My Umrah experience was strangely spiritual. I saw people around me from all over the world and wondered at their Faith and reverence in performing Umrah Rituals. And whenever I raised my hands for Dua, I simply became quiet. I felt as if Allah knows what I am asking for but I do not know what I want.
My Umrah Experience was a journey of resistance to reverence, a journey of indifference to spirituality and a journey of walking from darkness of heart to enlightenment of existence. Do they say those who desire hard are called? Are they? Did I desire hard? Or did I desire at all?
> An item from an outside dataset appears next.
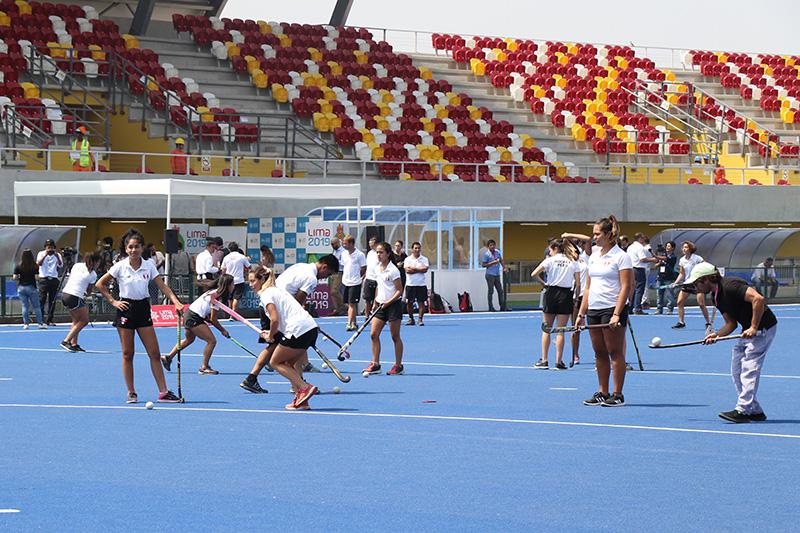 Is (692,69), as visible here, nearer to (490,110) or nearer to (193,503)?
(490,110)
I would never know why Allah willed me on this journey.
Peace in Madinah:
The stay at Madinah was equally spiritual. I felt peace engulfing me. While I cried hard in Makkah, I spent a quiet time in Madinah; most of the time simply closing eyes and relaxing. And the only time I cried in Madinah was when we were leaving! My father had to put a hand around my shoulder and explain that our umrah packages did not allow further stay.
My Umrah Experience and a Mother’s Prayer:
I came back a changed person; mindful of prayers, hijab, fasting and most of all pleasing Allah. My acquaintances would say I have left away from my anger and frustrations and have become a mellow and soft-spoken person.
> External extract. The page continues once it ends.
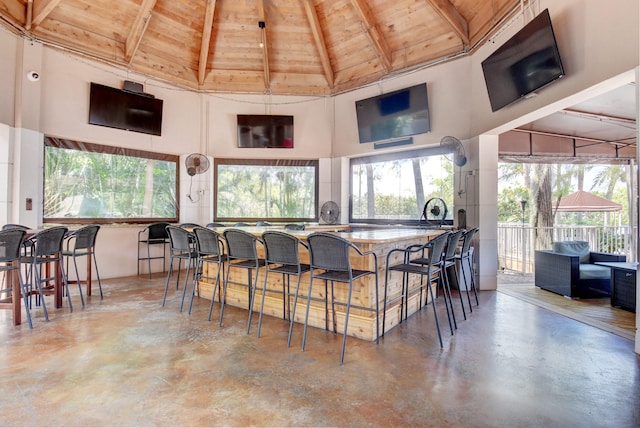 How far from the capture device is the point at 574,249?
15.7 feet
It was months since we had performed Umrah when my mother entered my room one day. She sat across me and told me that she felt a failed Muslim as she saw my preference for other holiday package deals over Umrah. So she said that she cried nights after nights, trying to see where she went wrong in teaching me Faith in my upbringing. She prayed Allah does not take away this chance from me in return for my attitude. And then I knew why was I called? I did not desire the Umrah journey as much as my mother desired it for me!
And then she said that she was happy that my Umrah experience was so rewarding but she prayed that I never feel those weeks of anguish when I tell my kids one day about going on Hajj or Umrah. She said she prayed the same when she first saw Kaaba! January This year, my mother has left us for the eternal world.
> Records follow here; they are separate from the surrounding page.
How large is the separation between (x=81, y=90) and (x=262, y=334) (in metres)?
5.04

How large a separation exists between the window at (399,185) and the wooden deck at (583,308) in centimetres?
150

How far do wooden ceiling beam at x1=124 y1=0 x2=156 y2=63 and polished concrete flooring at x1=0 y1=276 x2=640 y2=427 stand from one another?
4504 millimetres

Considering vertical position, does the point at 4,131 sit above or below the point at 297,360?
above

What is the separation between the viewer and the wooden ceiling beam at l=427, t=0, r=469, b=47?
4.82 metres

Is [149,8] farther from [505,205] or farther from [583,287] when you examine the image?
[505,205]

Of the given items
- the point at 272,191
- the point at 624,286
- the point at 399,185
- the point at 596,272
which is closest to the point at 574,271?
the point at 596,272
Umrah Experience and Present Day!
Sixteen years later as my own children are talking loudly over which family holiday packages should we choose, I quietly put a leaflet of Cheap Umrah Packages by one of the UK travel agents in Hounslow? But surprisingly my kids do not show the resistance that I did. Were they already at a level of Faith that I never reached their age? Over the years, the UK has produced better Muslims, I believe!
As we put aside all other holiday package deals, I see Faith shine on my Kids’ faces. I quietly mouth “Thank You Mom” for her wonderful prayer. I wipe the tear around the corner of my eyes and pay attention to my Younger one’s question. “Mom how was your first Umrah Experience?” and this time I Laughed happily and started recounting again my Umrah Experience.